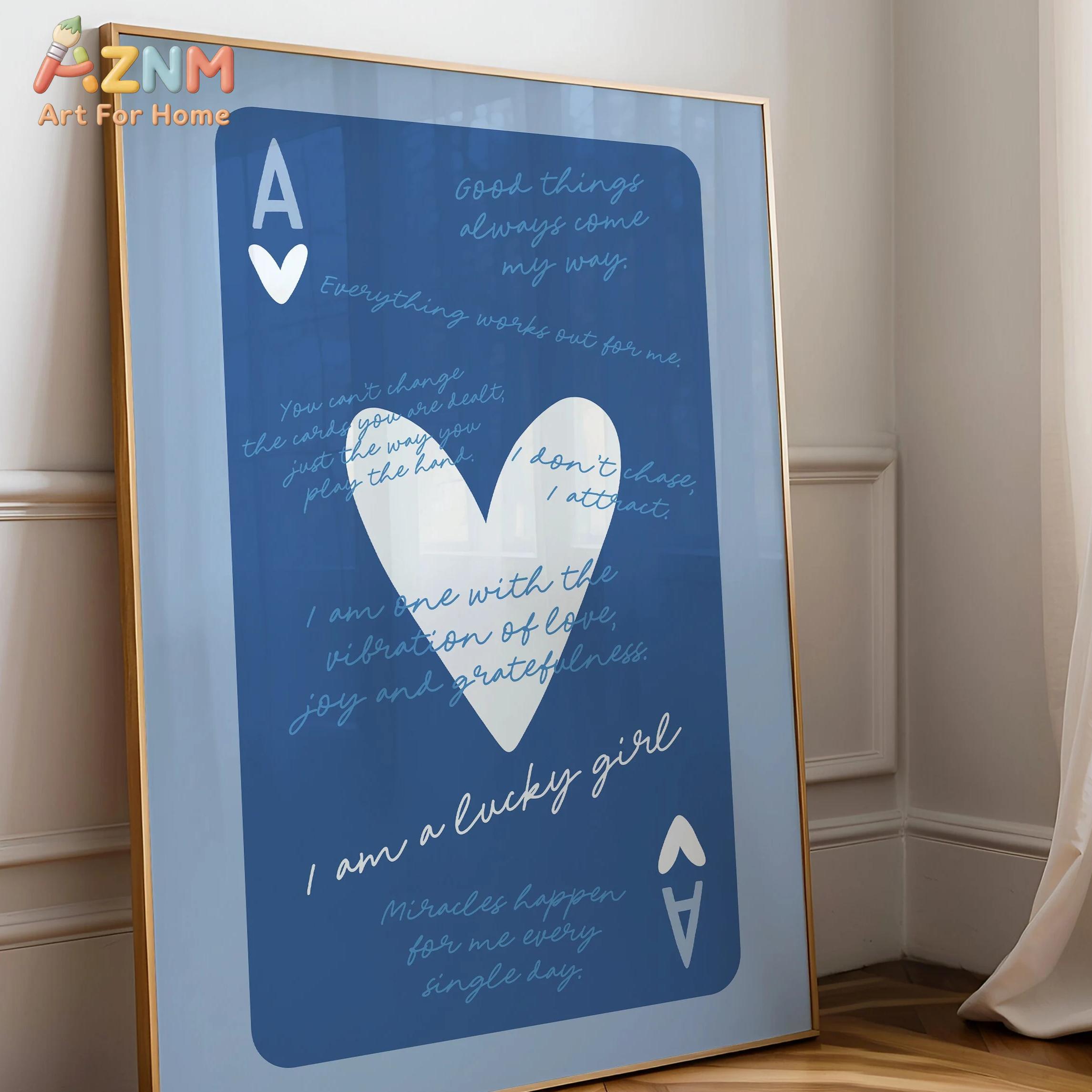AZNM Ace of Spades Feeling Luc - Retro Poster Gaming recensione e prezzo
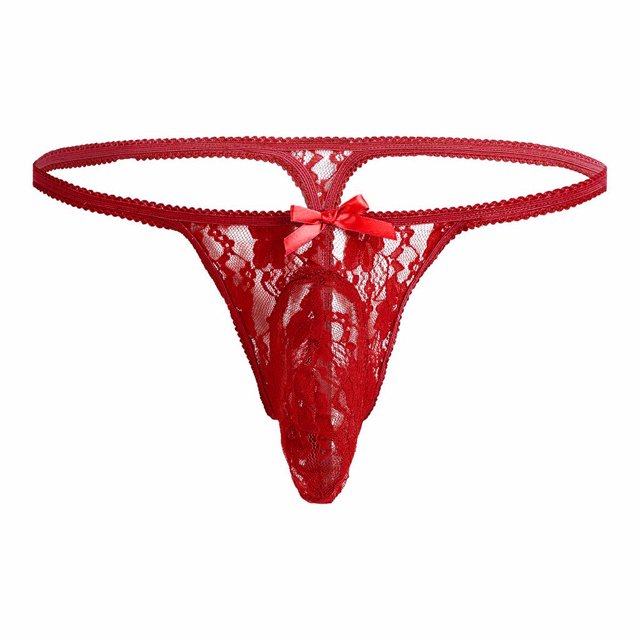 Limited Time Deals! Sex Things For Couples Kinky Men'S G-String T-Back Shorts Men Underwear Men Stylish Lace Pattern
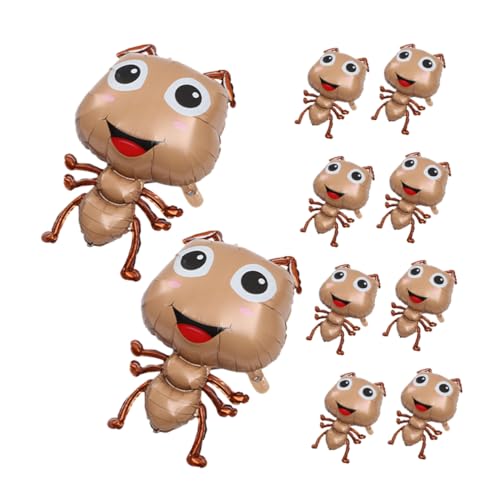 Milisten 10stücke Ameisenballons Zum Geburtstag Cartoon Ant Luftballons Für Party Dekoration Aufblasbare Folienballons Mit Insektenthema Für Kindergeburtstage von Milisten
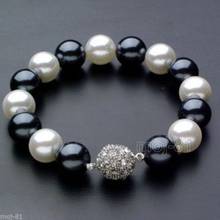10-11mm tahitian negro blanco multicolor redondo perla pulsera 7,5-8 pulgadas 2024 - compra barato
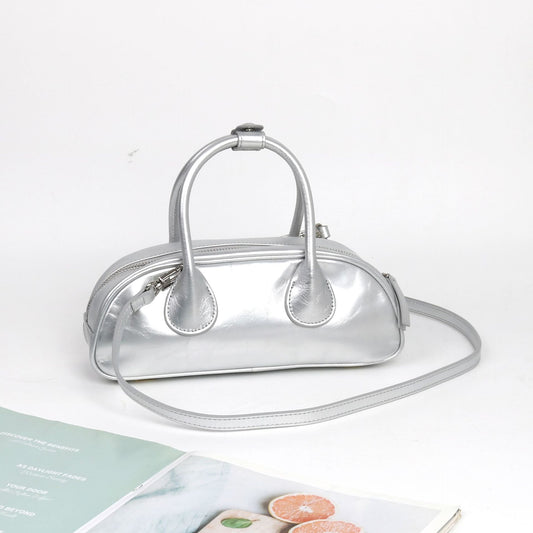 Baguette Niche Designer Portable Size Bowling Handbags
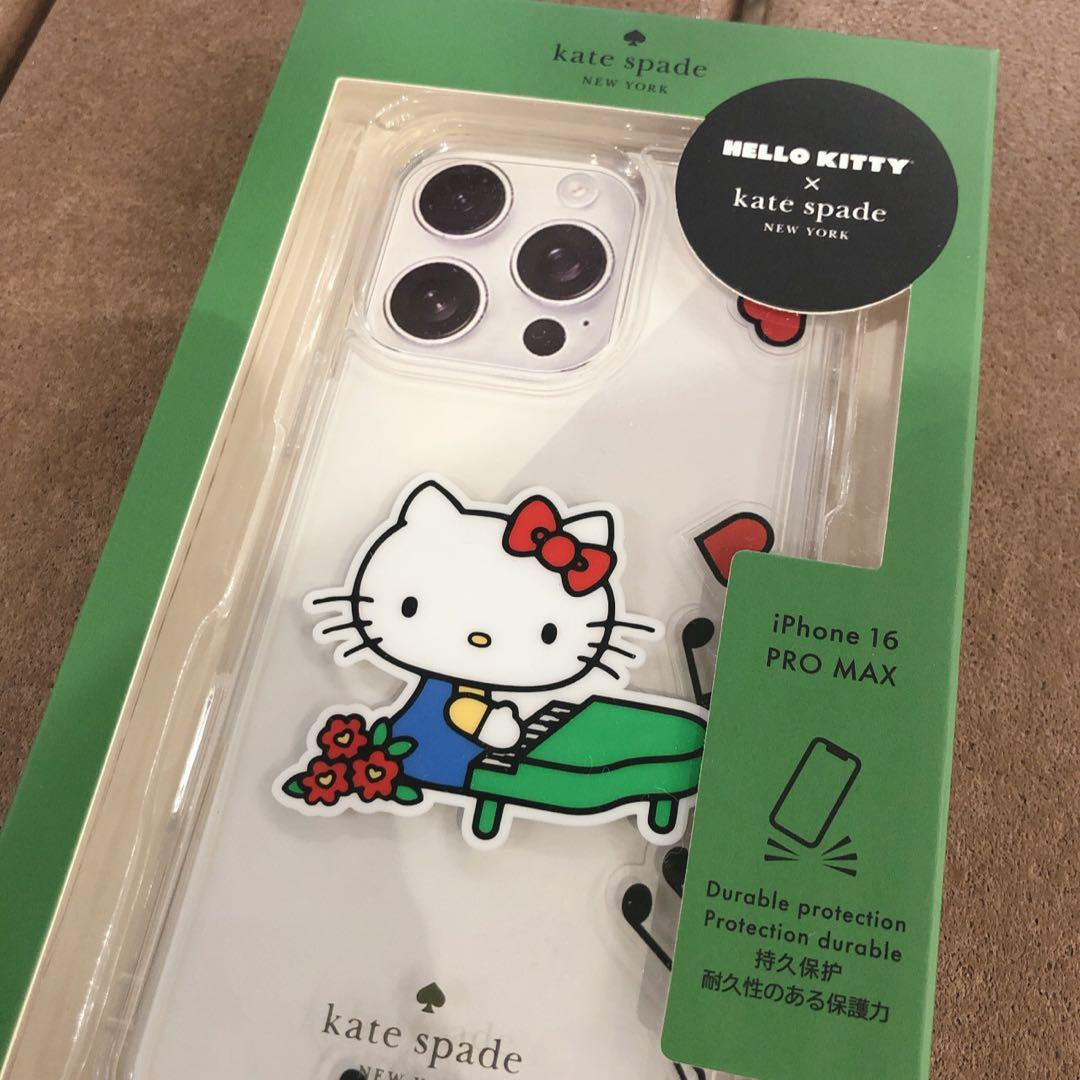 ケイトスペード × キティ iPhone 16 Pro Max ケース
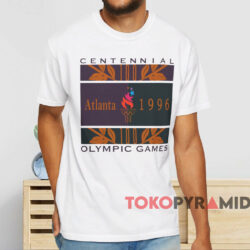 Centennial Olympic Games Atlanta 1996 T shirt White T shirt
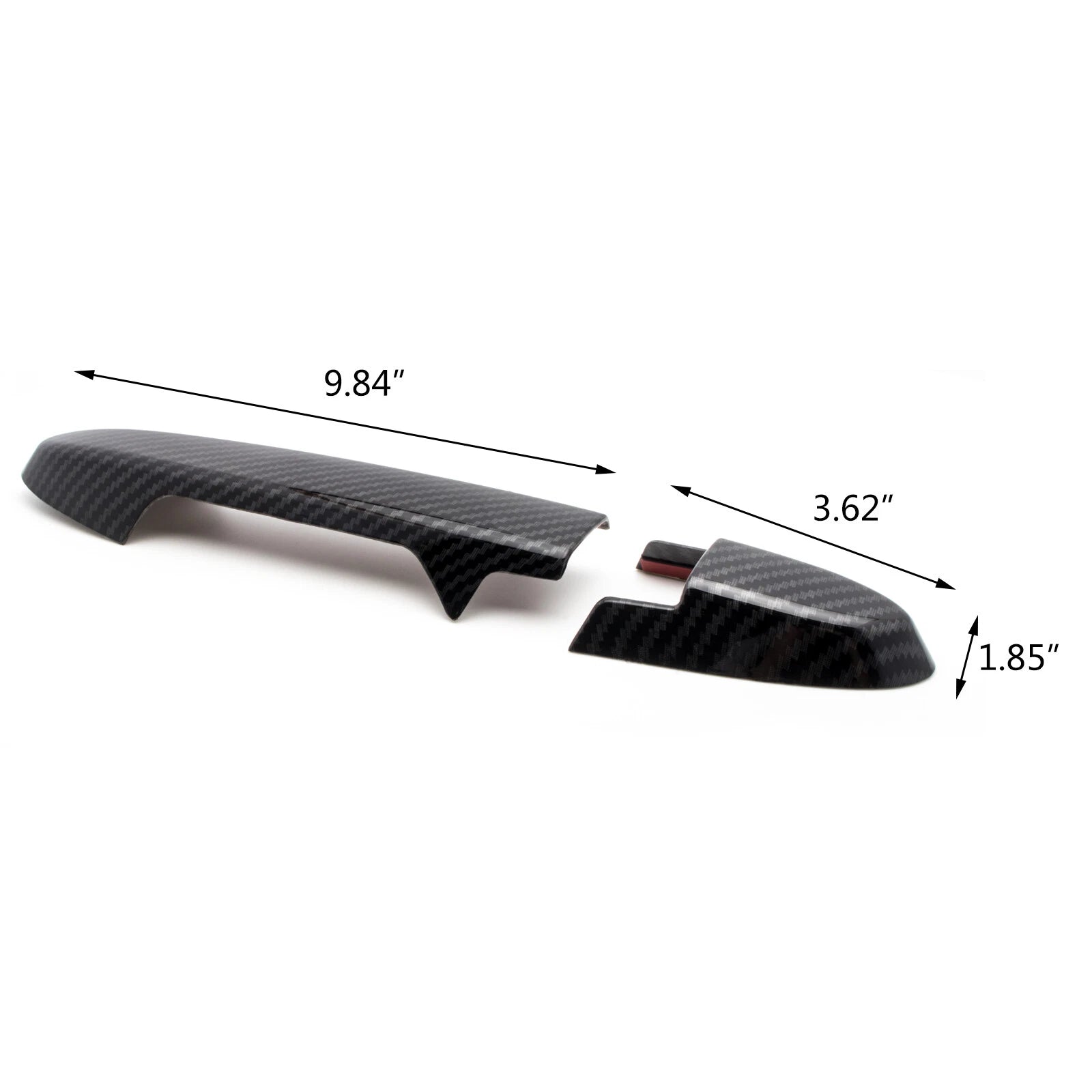 Carbon Fiber Side Door Handle Cover Trim for Honda Fit (2014-2020)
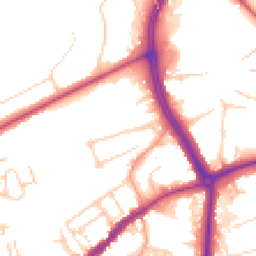Daytime road noise heatmap for RH4 1JH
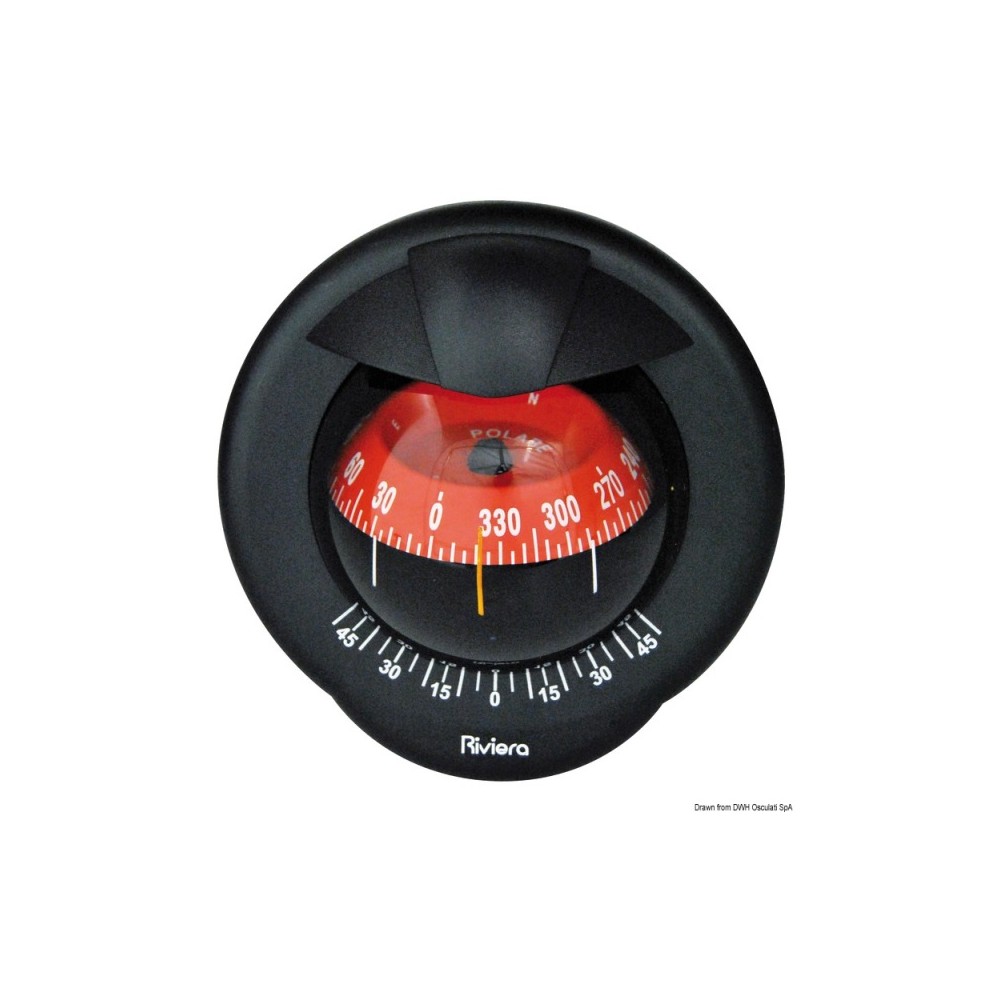 Compas 4" noir/rouge RIVIERA Pegasus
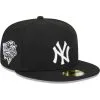 Men's New York Yankees New Era Black Sidepatch 59FIFTY Fitted Hat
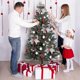 thumbnail image 5 of 4 Pieces Christmas Decorative Bows Red Sequin Christmas Tree Bows Christmas Tree Topper Bows Garland Christmas Wreath (red, Silver, 7 X 6.7 Inches), 5 of 5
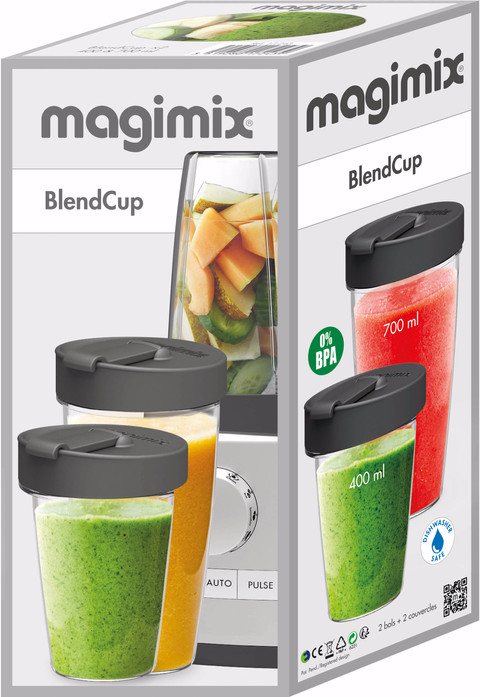 Magimix Blend Cups 17243 400ml & 700ml null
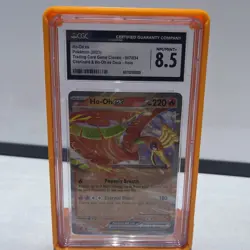 CGC 8.5 Ho-Oh EX 007/034 Charizard & Ho-Oh EX Deck Full Art Pokemon Card - Image 1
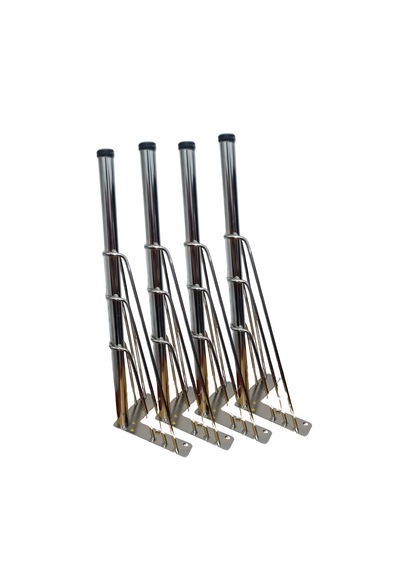 4'lü Metal Mobilya Ayağı Gold 32 Cm Sehpa Puf Koltuk Ayağı Vidalı Hairpin Ayak Gümüş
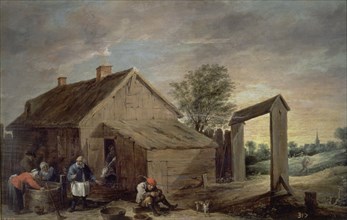 Teniers (the Younger), Peasants Talking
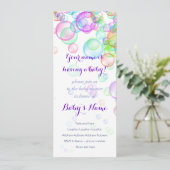 Baby shower van regenboogzeep Bubbles Kaart (Staand voorkant)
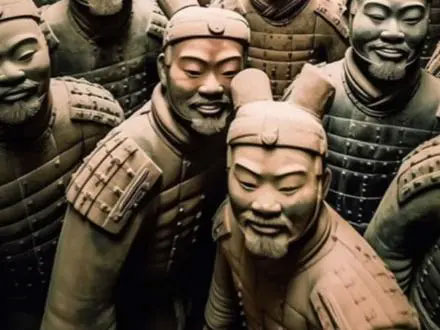 Hầu hết những bức ảnh đều là dạng ảnh selfie của các binh sĩ đất nung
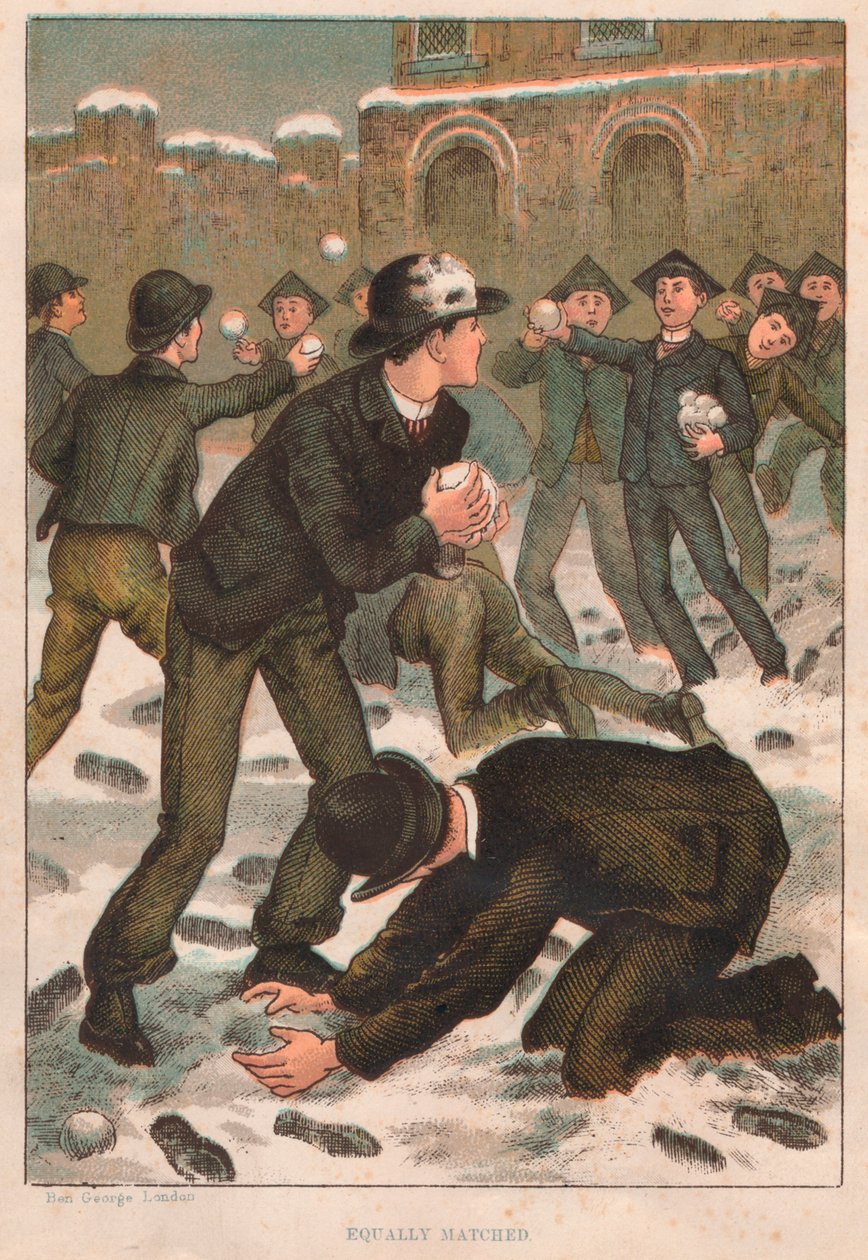 Equaly Matched, 1800-luku. tekijältä Unbekannt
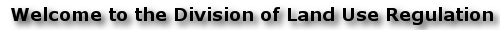 Division of Land Use Regulation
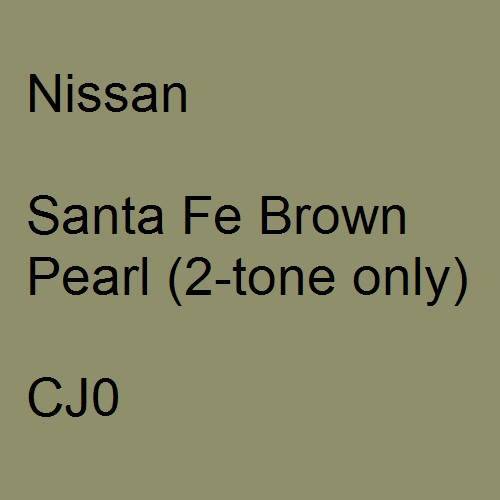 Nissan, Santa Fe Brown Pearl (2-tone only), CJ0.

# # # #

Aim of the exercise -> Quote every line of the records above exactly; no picture is to be copied.

Response box ->
AZNM Ace of Spades Feeling Luc - Retro Poster Gaming recensione e prezzo
 Limited Time Deals! Sex Things For Couples Kinky Men'S G-String T-Back Shorts Men Underwear Men Stylish Lace Pattern
 Milisten 10stücke Ameisenballons Zum Geburtstag Cartoon Ant Luftballons Für Party Dekoration Aufblasbare Folienballons Mit Insektenthema Für Kindergeburtstage von Milisten
10-11mm tahitian negro blanco multicolor redondo perla pulsera 7,5-8 pulgadas 2024 - compra barato
 Baguette Niche Designer Portable Size Bowling Handbags
 ケイトスペード × キティ iPhone 16 Pro Max ケース
 Centennial Olympic Games Atlanta 1996 T shirt White T shirt
 Carbon Fiber Side Door Handle Cover Trim for Honda Fit (2014-2020)
Daytime road noise heatmap for RH4 1JH
 Compas 4" noir/rouge RIVIERA Pegasus
 Men's New York Yankees New Era Black Sidepatch 59FIFTY Fitted Hat
 thumbnail image 5 of 4 Pieces Christmas Decorative Bows Red Sequin Christmas Tree Bows Christmas Tree Topper Bows Garland Christmas Wreath (red, Silver, 7 X 6.7 Inches), 5 of 5
 Magimix Blend Cups 17243 400ml & 700ml null
 CGC 8.5 Ho-Oh EX 007/034 Charizard & Ho-Oh EX Deck Full Art Pokemon Card - Image 1
 4'lü Metal Mobilya Ayağı Gold 32 Cm Sehpa Puf Koltuk Ayağı Vidalı Hairpin Ayak Gümüş
 Teniers (the Younger), Peasants Talking
 Baby shower van regenboogzeep Bubbles Kaart (Staand voorkant)
 Hầu hết những bức ảnh đều là dạng ảnh selfie của các binh sĩ đất nung
 Equaly Matched, 1800-luku. tekijältä Unbekannt
 Division of Land Use Regulation
 Nissan, Santa Fe Brown Pearl (2-tone only), CJ0.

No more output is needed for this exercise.